Dealing with mold in your home in Pinellas County, Florida, is never a fun experience. Indoor mold can cause a variety of health symptoms in those who suffer from allergies. It’s not always easy to know when you have mold growing in your home, but keep an eye out for these warning signs.

Health Symptoms

The symptoms that can be caused by exposure to indoor mold are similar to those you may experience when you’re coming down with a cold or suffering from allergies to other outdoor allergy triggers. These include coughing, sore throats, congestion, eye irritation, and congestion. One of the telltale signs that your symptoms are being caused by something indoors is when you feel better as soon as you leave your home. If your allergies do not worsen when you’re outside or your cold never seems to go away, it’s certainly possible that you’re suffering from an allergy to indoor mold.

When your heating and cooling system runs, it pulls air through the ducts and into the unit. This air can contain allergens, including mold spores.
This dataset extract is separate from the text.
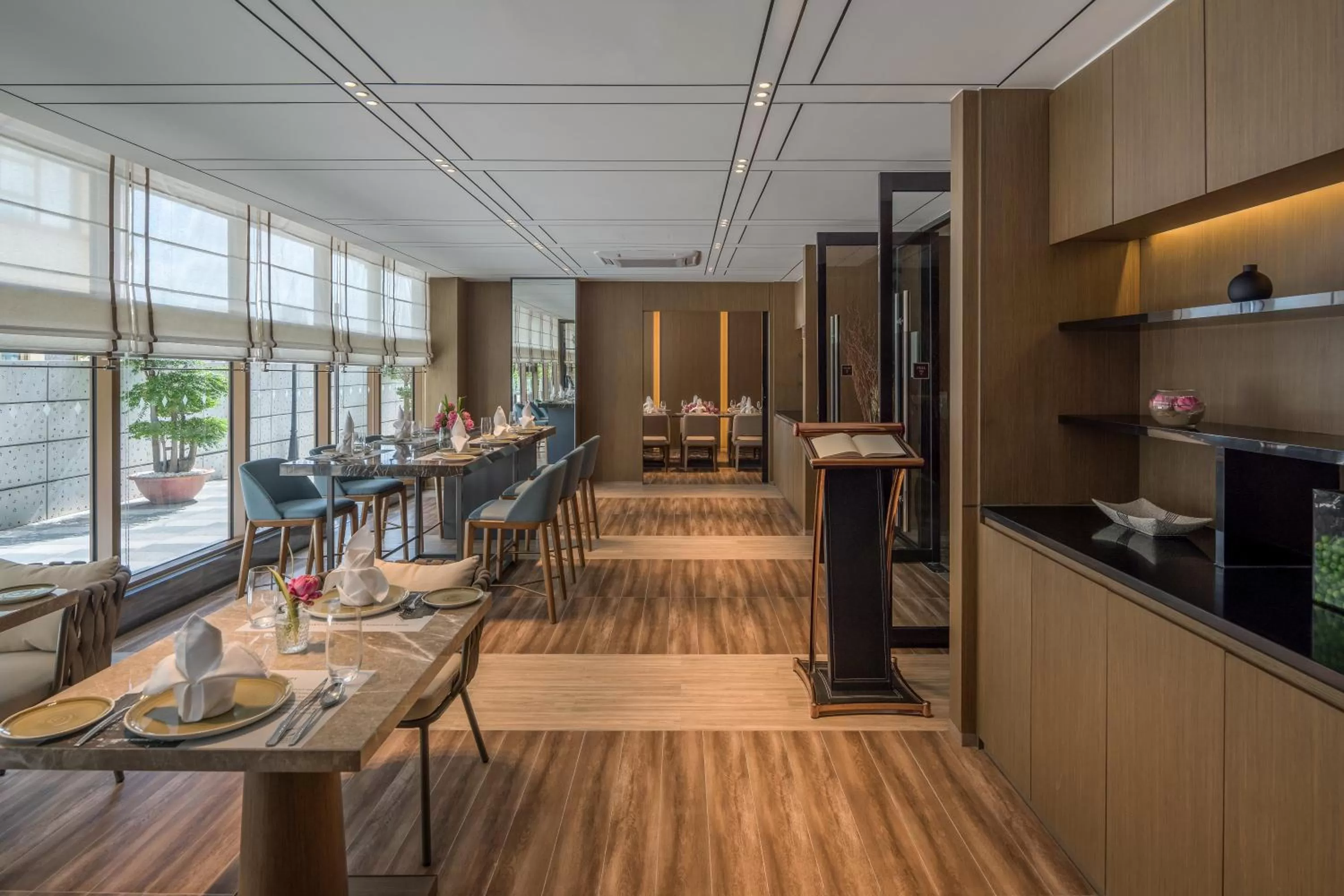 Restaurant/places to eat in Oakwood Premier Phnom Penh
As the air is recirculated through the vents in the various rooms, the mold spores can be stirred up and cause more irritation. It’s especially common to experience these symptoms more severely when you wake up in the morning when you have mold growth in the home since you’ve spent the whole night breathing the contaminated air.

Dark Spots

If you spot visible signs of mold growth, this usually indicates a much bigger problem. You might think the dark spots on your walls, ceilings, or floors are caused by soot or dirt, but mold is harder to clean off than a dirty spot. This type of growth may also show up as clusters of spots in several areas or in different colors, such as gray, green, brown, or white. Thread-like mold might look more like a spider web. If you have vinyl-based wallpaper on the walls, mold peeking through often appears in brighter shades of purple, pink, or orange.

Visible signs of mold growth indicate that the mold has spread. This type of fungus tends to stay hidden in dark, undisturbed places, so you could have a major colony growing behind the wall, floor, or ceiling where you’re seeing the spots. You should never ignore the sign of mold growth, especially when it’s popping up on your walls.


Since mold typically remains hidden from view, one of the best ways to detect it is an odor. Mold has a distinctive smell that is earthy and damp. Some people compare it to the odor of wet and decaying leaves, while others think mold smells like dirty socks. If you notice any of these odors in places where they shouldn’t be, such as coming from a kitchen cupboard or near the wall of your home, it’s probably worth bringing in a professional to test for mold.

Not all mold has an odor, and different strains and types of mold can smell very different. Regardless of the smell, mold releases volatile organic compounds into the air that can be dangerous, so it’s important to get rid of the mold keep your air clean and healthy.

Moisture and Leaks

After a leak or flood, mold growth is almost inevitable. The problem comes when you don’t know you have a leak, such as with a cracked pipe behind a wall or a flood in an attic or basement that isn’t accessed very often. Even condensation from pipes that haven’t been properly protected could lead to mold growth. If you have experienced a flood recently, it’s important to have professional mold testing to determine whether the water exposure has caused any type of growth.

You can also keep an eye out for signs of plumbing issues and water leaks in your home, such as wet spots on the ceilings or walls, slow-moving or clogged drains, or puddles on the floors.